Test 1 – 10+ meters of RG58
As a preliminary test, just to see whether the “test bench” was working, I tested reception with and without the insertion of extra 10m of cheap RG-58.
As expected, the signal dropped significantly. With such a weak signal, the note from the radio loudspeaker become very noisy. A weaker signal would have disappeared in the noise floor. The difference was immediately perceivable both by watching the SDR waterfall and by listening to the radio itself.
Test 2 – Beacon, N-N vs N-PL-SO-N
In this test I added and removed the N->PL259/SO239->N converters pair.
Even with this setup, the fluctuation of the received signal was too wide (over 1dB) to appreciate any difference: the values appeared to float within the same range.
Test 3 – Signal generator, N-N vs N-PL-SO-N
In the attempt of reducing the floating, I connected the signal generator directly to the radio. Again, I tested with and without the the PL converters.
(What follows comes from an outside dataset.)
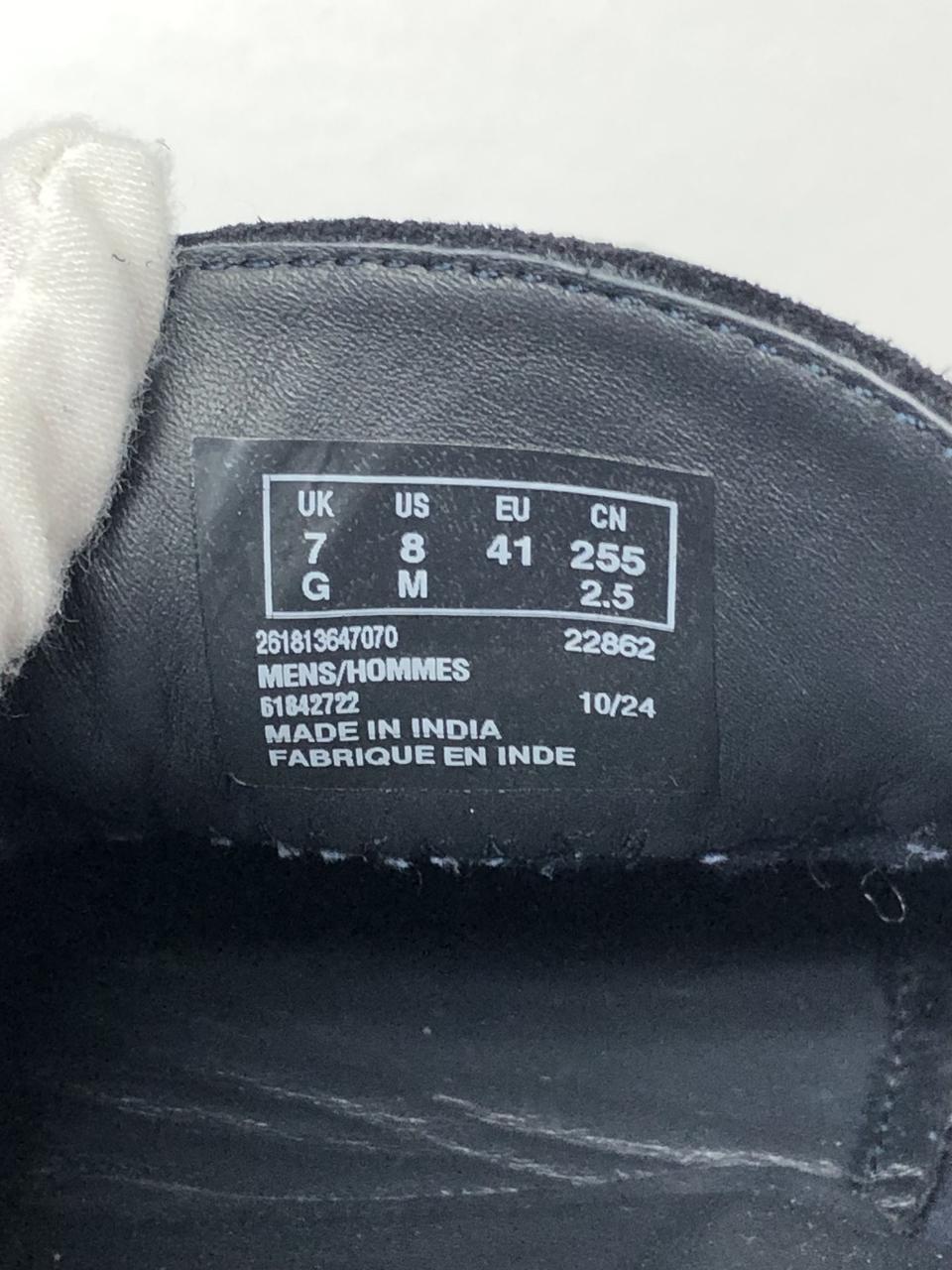 Фото5 Туфлі Clark’s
This time the dBm fluctuation was much lower, mostly within few tenth of a dB. However, neither in this case the penalty of having an extra PL259/SO239 conversion could be detected.
Some of the criticisms about my previous test were that it was conducted at very low power (0dBm, 1mW).
The FT857/897 can deliver 20W on the UHF band, while other rigs of those available with SO-239, can deliver up to 50W. I set my FT857 to maximum power, connected it to a Weinschel 3GHz attenuator and then into my spectrum analyzer.
When transmitting with the PL converters, the FT857 showed an increased VSWR by lighting one dot in the SWR meter:
However, the readings on the spectrum analyzer were identical:
My spectrum analyzer, despite of the two decimal digits on the display, has an actual resolution of 0.3dB. Therefore, the two reported values might be different, but no more than 0.3dB, which is coherent with the 0.17dB measured by the network analyzer. Taking in account the attenuation of cables and attenuator, this measurement reported that my FT857 was actually delivering over 25W.
My goal was to understand whether a UHF radio delivered with a SO-239 instead of a N plug carries a price in terms of performances. In my investigation, I have not been able to find a single test involving the real rig, even if connected to measurement instruments, that could show any difference: only a Vector Network Analyzer, with an accurate setup and calibration, has been able to characterize the SO239/PL259 connection.
Furthermore, I have tested a plain “N-N” connection versus a “N->SO239->PL259->N” pair: a PL-equipped rig would use a somewhat better “SO239->PL259” direct connection.
Under the light of these facts I have to conclude that, in the 70cm band there is no relevant performance difference if a N, SO239 or even a PL/N converter is used in this kind of rigs.